• _Dataset_
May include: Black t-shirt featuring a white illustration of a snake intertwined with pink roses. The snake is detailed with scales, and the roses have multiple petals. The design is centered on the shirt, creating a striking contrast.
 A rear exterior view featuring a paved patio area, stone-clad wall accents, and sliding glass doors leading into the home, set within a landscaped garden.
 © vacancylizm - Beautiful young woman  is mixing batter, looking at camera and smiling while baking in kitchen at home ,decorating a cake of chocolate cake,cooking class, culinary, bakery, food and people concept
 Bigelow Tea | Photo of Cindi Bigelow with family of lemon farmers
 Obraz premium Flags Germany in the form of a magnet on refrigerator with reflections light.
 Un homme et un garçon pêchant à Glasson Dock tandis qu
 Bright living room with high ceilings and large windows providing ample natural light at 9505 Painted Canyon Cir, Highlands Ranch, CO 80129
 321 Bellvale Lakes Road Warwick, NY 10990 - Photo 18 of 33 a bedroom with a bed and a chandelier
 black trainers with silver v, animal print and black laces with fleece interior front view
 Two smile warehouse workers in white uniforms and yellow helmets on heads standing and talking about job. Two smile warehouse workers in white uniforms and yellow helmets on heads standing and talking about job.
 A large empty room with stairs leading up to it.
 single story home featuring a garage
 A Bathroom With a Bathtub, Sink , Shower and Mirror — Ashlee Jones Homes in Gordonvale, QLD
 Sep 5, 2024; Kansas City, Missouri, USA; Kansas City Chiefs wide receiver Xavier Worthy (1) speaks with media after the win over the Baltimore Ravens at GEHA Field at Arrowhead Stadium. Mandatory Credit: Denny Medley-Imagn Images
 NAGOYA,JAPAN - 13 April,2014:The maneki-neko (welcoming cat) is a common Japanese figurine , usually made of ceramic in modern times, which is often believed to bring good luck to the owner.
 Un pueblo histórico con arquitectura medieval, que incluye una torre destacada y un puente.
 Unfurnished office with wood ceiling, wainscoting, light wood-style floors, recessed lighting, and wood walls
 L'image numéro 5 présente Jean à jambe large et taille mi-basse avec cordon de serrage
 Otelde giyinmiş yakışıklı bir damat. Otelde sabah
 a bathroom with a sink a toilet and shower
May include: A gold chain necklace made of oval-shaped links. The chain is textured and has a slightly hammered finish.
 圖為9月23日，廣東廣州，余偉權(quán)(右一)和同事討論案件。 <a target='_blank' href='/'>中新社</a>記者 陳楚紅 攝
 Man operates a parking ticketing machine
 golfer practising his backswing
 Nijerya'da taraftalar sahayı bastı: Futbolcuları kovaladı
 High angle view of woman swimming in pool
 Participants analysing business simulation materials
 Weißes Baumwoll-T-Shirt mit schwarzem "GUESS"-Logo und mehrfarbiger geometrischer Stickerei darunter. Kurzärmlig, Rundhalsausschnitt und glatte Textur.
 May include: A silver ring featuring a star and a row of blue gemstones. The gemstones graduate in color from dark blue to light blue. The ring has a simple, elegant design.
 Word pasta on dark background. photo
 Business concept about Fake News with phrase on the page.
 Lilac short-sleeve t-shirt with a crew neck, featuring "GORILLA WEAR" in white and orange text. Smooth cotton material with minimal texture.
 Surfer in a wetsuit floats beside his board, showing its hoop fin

• _Your goal_
Transcribe all of the material exactly as it appears.

• _Your solution_
May include: Black t-shirt featuring a white illustration of a snake intertwined with pink roses. The snake is detailed with scales, and the roses have multiple petals. The design is centered on the shirt, creating a striking contrast.
 A rear exterior view featuring a paved patio area, stone-clad wall accents, and sliding glass doors leading into the home, set within a landscaped garden.
 © vacancylizm - Beautiful young woman  is mixing batter, looking at camera and smiling while baking in kitchen at home ,decorating a cake of chocolate cake,cooking class, culinary, bakery, food and people concept
 Bigelow Tea | Photo of Cindi Bigelow with family of lemon farmers
 Obraz premium Flags Germany in the form of a magnet on refrigerator with reflections light.
 Un homme et un garçon pêchant à Glasson Dock tandis qu
 Bright living room with high ceilings and large windows providing ample natural light at 9505 Painted Canyon Cir, Highlands Ranch, CO 80129
 321 Bellvale Lakes Road Warwick, NY 10990 - Photo 18 of 33 a bedroom with a bed and a chandelier
 black trainers with silver v, animal print and black laces with fleece interior front view
 Two smile warehouse workers in white uniforms and yellow helmets on heads standing and talking about job. Two smile warehouse workers in white uniforms and yellow helmets on heads standing and talking about job.
 A large empty room with stairs leading up to it.
 single story home featuring a garage
 A Bathroom With a Bathtub, Sink , Shower and Mirror — Ashlee Jones Homes in Gordonvale, QLD
 Sep 5, 2024; Kansas City, Missouri, USA; Kansas City Chiefs wide receiver Xavier Worthy (1) speaks with media after the win over the Baltimore Ravens at GEHA Field at Arrowhead Stadium. Mandatory Credit: Denny Medley-Imagn Images
 NAGOYA,JAPAN - 13 April,2014:The maneki-neko (welcoming cat) is a common Japanese figurine , usually made of ceramic in modern times, which is often believed to bring good luck to the owner.
 Un pueblo histórico con arquitectura medieval, que incluye una torre destacada y un puente.
 Unfurnished office with wood ceiling, wainscoting, light wood-style floors, recessed lighting, and wood walls
 L'image numéro 5 présente Jean à jambe large et taille mi-basse avec cordon de serrage
 Otelde giyinmiş yakışıklı bir damat. Otelde sabah
 a bathroom with a sink a toilet and shower
May include: A gold chain necklace made of oval-shaped links. The chain is textured and has a slightly hammered finish.
 圖為9月23日，廣東廣州，余偉權(quán)(右一)和同事討論案件。 <a target='_blank' href='/'>中新社</a>記者 陳楚紅 攝
 Man operates a parking ticketing machine
 golfer practising his backswing
 Nijerya'da taraftalar sahayı bastı: Futbolcuları kovaladı
 High angle view of woman swimming in pool
 Participants analysing business simulation materials
 Weißes Baumwoll-T-Shirt mit schwarzem "GUESS"-Logo und mehrfarbiger geometrischer Stickerei darunter. Kurzärmlig, Rundhalsausschnitt und glatte Textur.
 May include: A silver ring featuring a star and a row of blue gemstones. The gemstones graduate in color from dark blue to light blue. The ring has a simple, elegant design.
 Word pasta on dark background. photo
 Business concept about Fake News with phrase on the page.
 Lilac short-sleeve t-shirt with a crew neck, featuring "GORILLA WEAR" in white and orange text. Smooth cotton material with minimal texture.
 Surfer in a wetsuit floats beside his board, showing its hoop fin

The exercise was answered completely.